Short text fragments from websites:
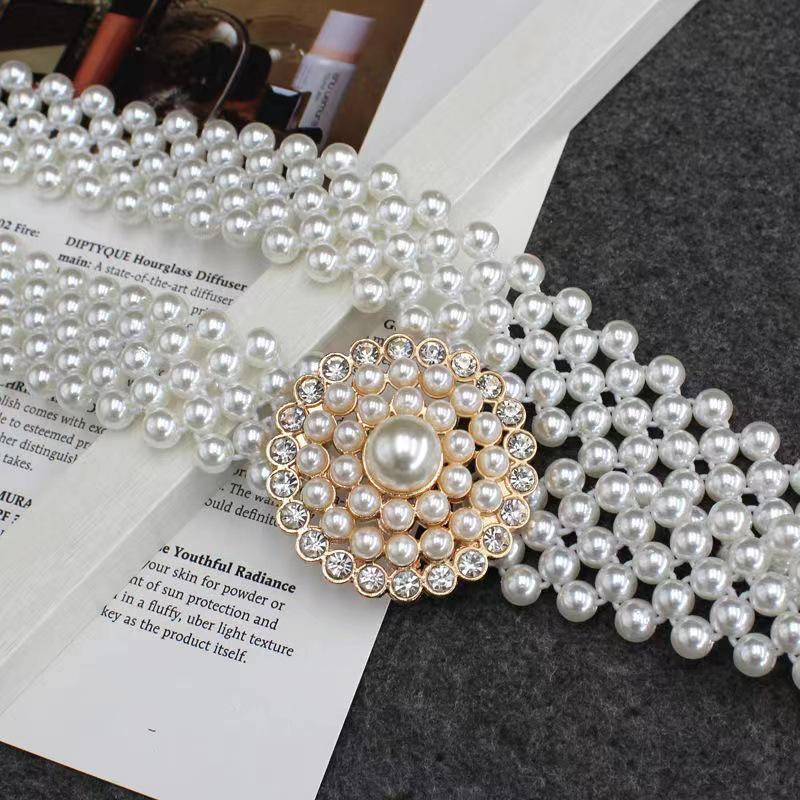 Women's Korean Style Pearl & Rhinestone Elastic Waistband for Dresses and Sweaters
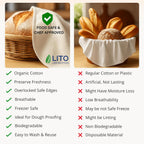 LITO LINEN AND TOWEL Flour Sack Towels for Bread Dough Proofing – Unbleached, Thick Cotton Baking Cloth for Baguettes, Ciabatta, Pastry – Reusable, 28"x28", 3-Pack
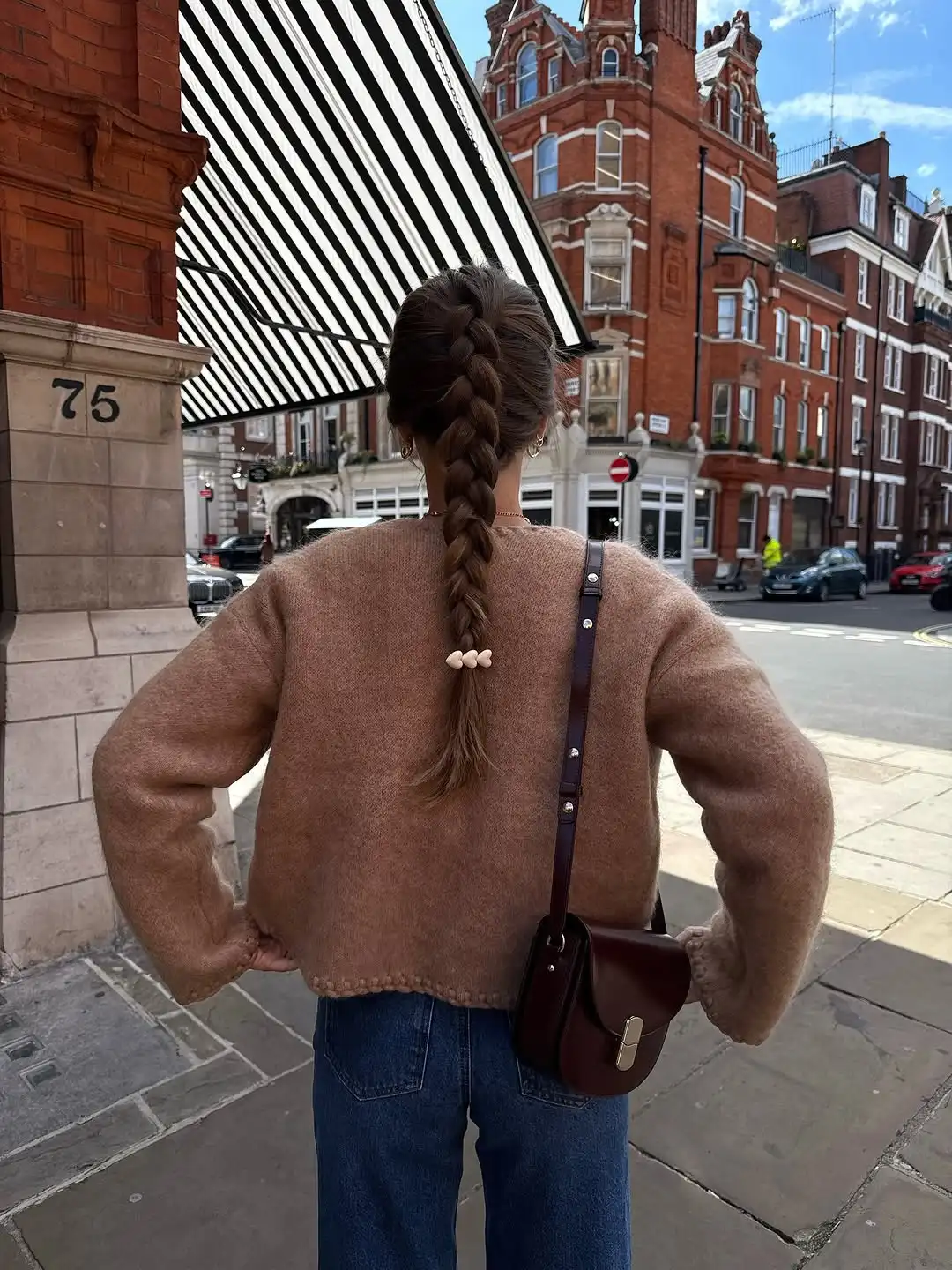 اليومية الصلبة قصيرة كابل سترة متماسكة المرأة عادية كم كامل انخفض الكتف اقتصاص محبوك بالأزرار سيدة الشارع تريكو #4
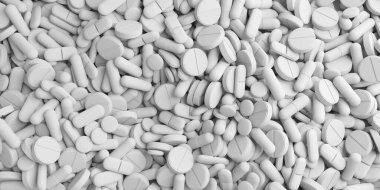 Yüzeyde farklı ilaçlar var. Çeşitli eczacılık hapları. 3d oluşturma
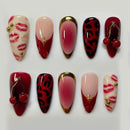 24Pcs Red Almond Bow Heart Designs Press on Nails Patch Wearable Elegant Full Cover Nail Tips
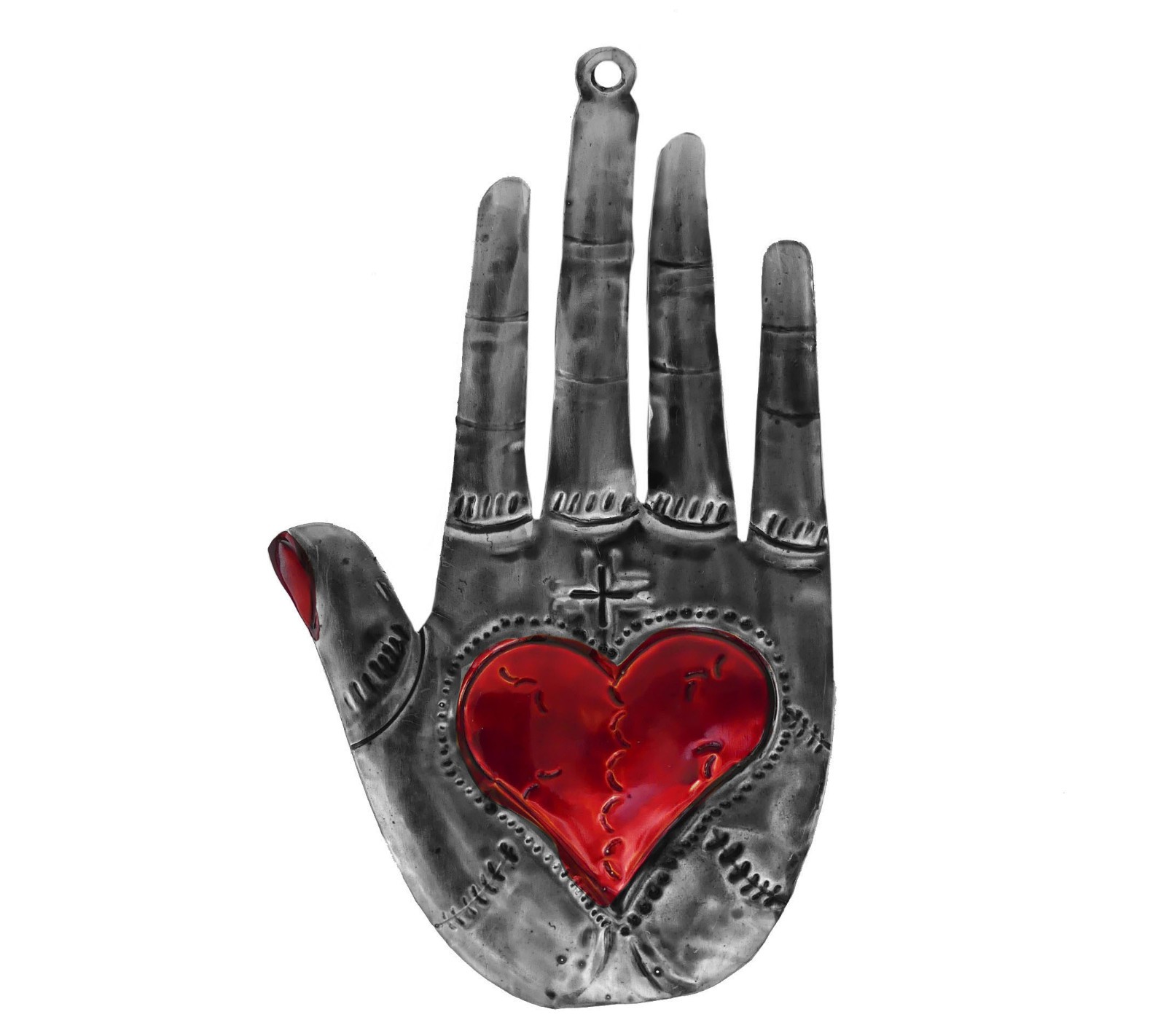 Sacred Milagro Heart in Hand Hamsa Ornament Mexican Folk Art Heart within a Hand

● Work task: Please set down the lines from the one with "Yüzeyde farklı ilaçlar" to the end of the entries above, exactly as they are, and drop every picture.

● Answer to the problem:
 Yüzeyde farklı ilaçlar var. Çeşitli eczacılık hapları. 3d oluşturma
 24Pcs Red Almond Bow Heart Designs Press on Nails Patch Wearable Elegant Full Cover Nail Tips
 Sacred Milagro Heart in Hand Hamsa Ornament Mexican Folk Art Heart within a Hand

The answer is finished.